More important for his future, Bill Donovan had observed the 69th Infantry, New York, in service on the Mexican border, and he now intended to join the “Fighting 69th” if America found itself at war in Europe. The Fighting 69th had had an opportunity to observe him as well. Father Francis P. Duffy, the regimental chaplain, noted that “on the Border when he was Captain of Troop I of the 1st Cavalry, he was the best known man of his rank in the New York Division.” For a few months Bill Donovan settled down in Buffalo with his wife and child. He practiced law, and he drilled Troop I at the Delavan Street Armory. He also studied French and German. There was no doubt in his mind that war with Germany was at hand.
It was Douglas MacArthur who suggested that the new 42nd Division formed from National Guard units from many states be called the Rainbow because, as he put it, it was “spreading like a rainbow across the country.” MacArthur was pleased to serve in the division headquarters since from the start the Rainbow Division was intended to be the first National Guard unit to see action in France.

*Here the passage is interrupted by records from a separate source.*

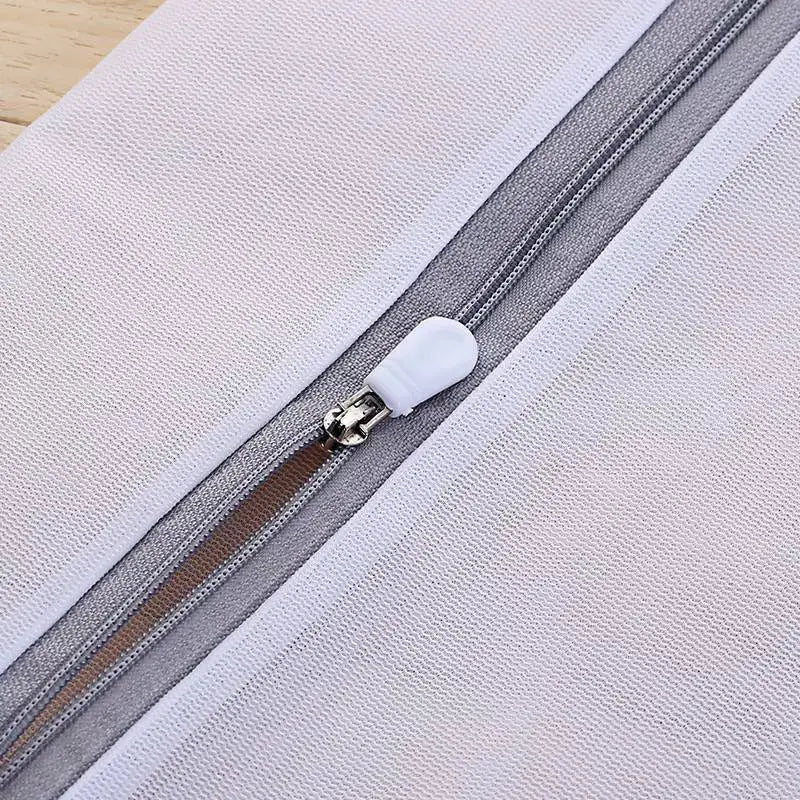 a zipper on a white bag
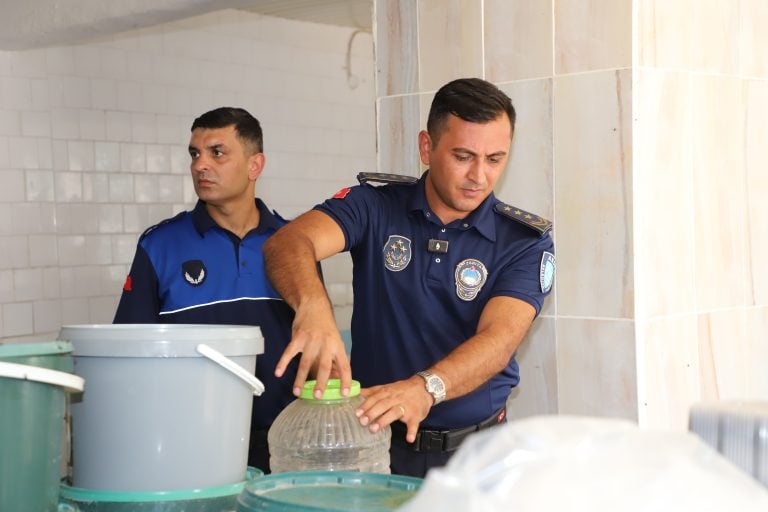 AKSU’DA 15 TON TARİHİ GEÇMİŞ SÜT ÜRÜNÜNE EL KONULDU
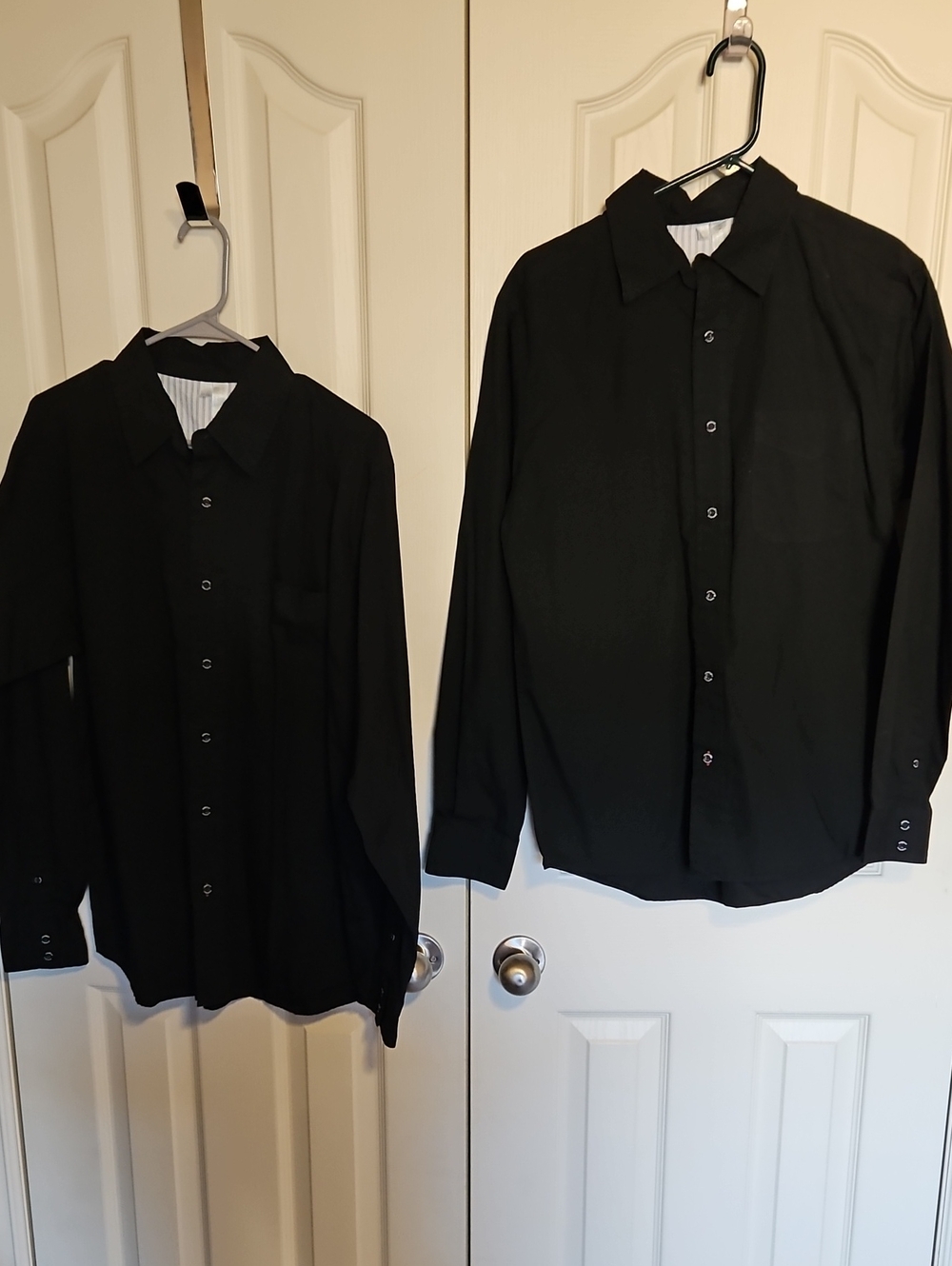 Men's Black Button-Up Dress Shirt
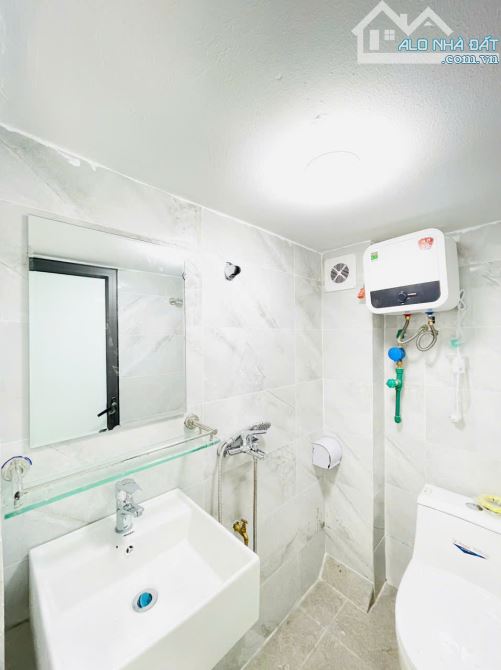 Cho Thuê CCMN 30 Trung Phụng Đống Đa 25m2 Gác Xép Ban Công Cửa Sổ Giặt Riêng Thang Máy - 6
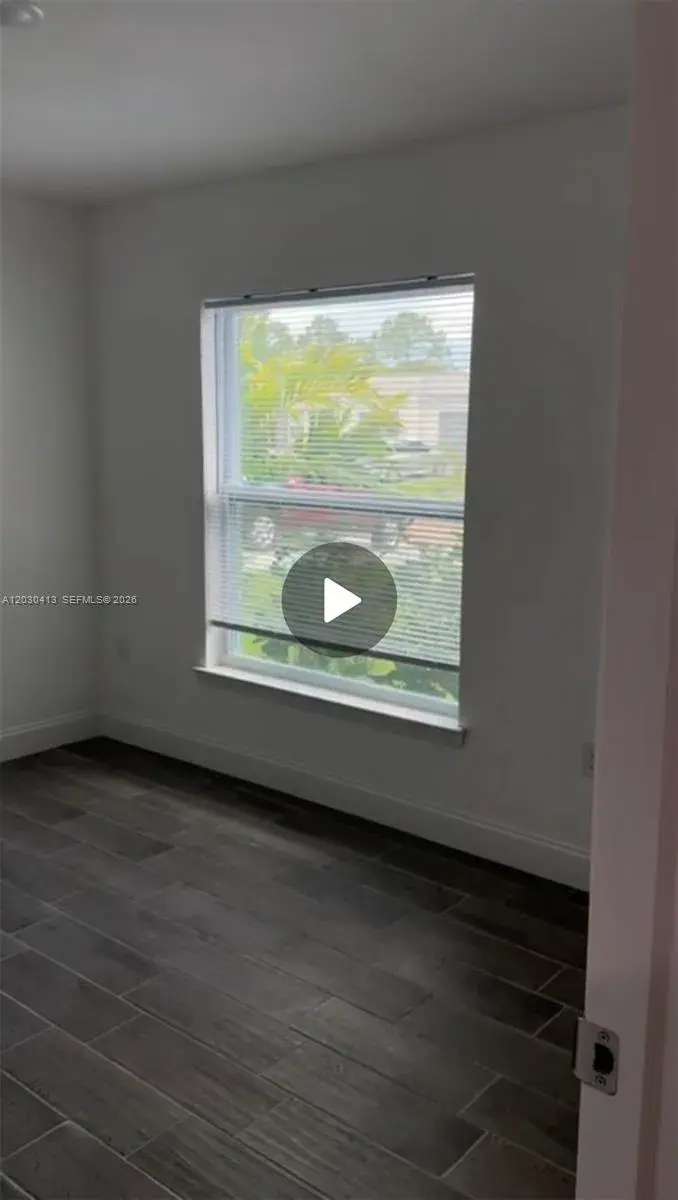 5016-5018 SW 24 ST, Lehigh Acres FL 33973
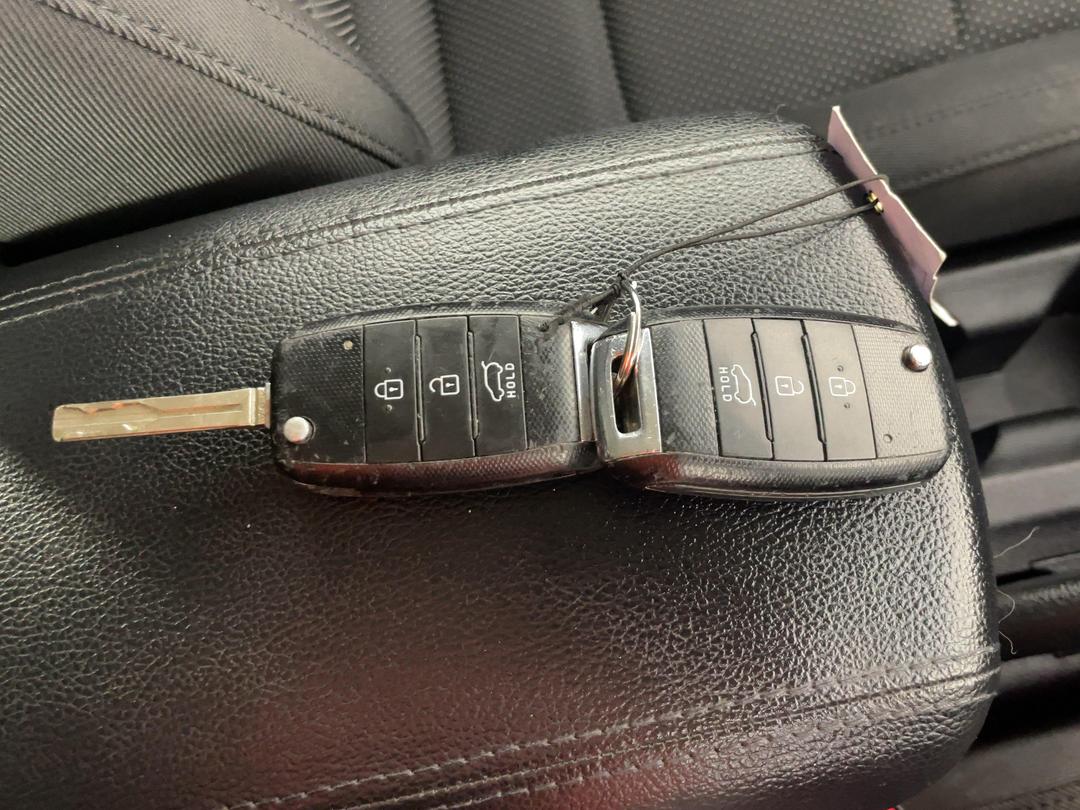 Photo '22' of KIA Carens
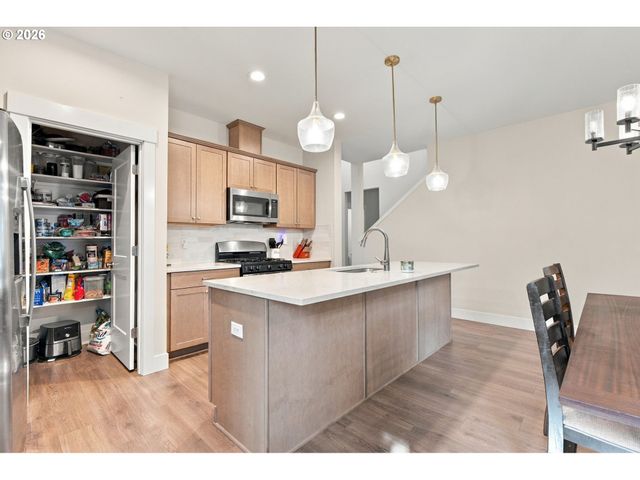 1714 Sw PLEASANT VIEW Dr, Gresham, OR 97080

War was declared on Germany on April 6, 1917. On July 15, the Fighting 69th Regiment of the New York National Guard, made up mainly of Irish-Americans, was incorporated into the division, as Father Francis Duffy said, “to put a green in the rainbow.” Regular Army numbering required that the regiment now be called the 165th, but the men still referred to their historic outfit as the Old 69th, and the regimental flag of the Fighting Harps continued to fly 11 streamers as proof that it had fought in 11 Civil War battles, including Bull Run, Antietam, Bloody Ford, and Marye’s Heights. Its history reached back through the Mexican War and the War of 1812 to the Revolution. A total of 50 furls, representing 50 engagements, flew from its flag. Most recently the regiment had seen service on the Mexican border. With the outbreak of war, the 69th had started a recruiting campaign in New York City with the slogan “Don’t join the 69th unless you want to be among the first to go to France.”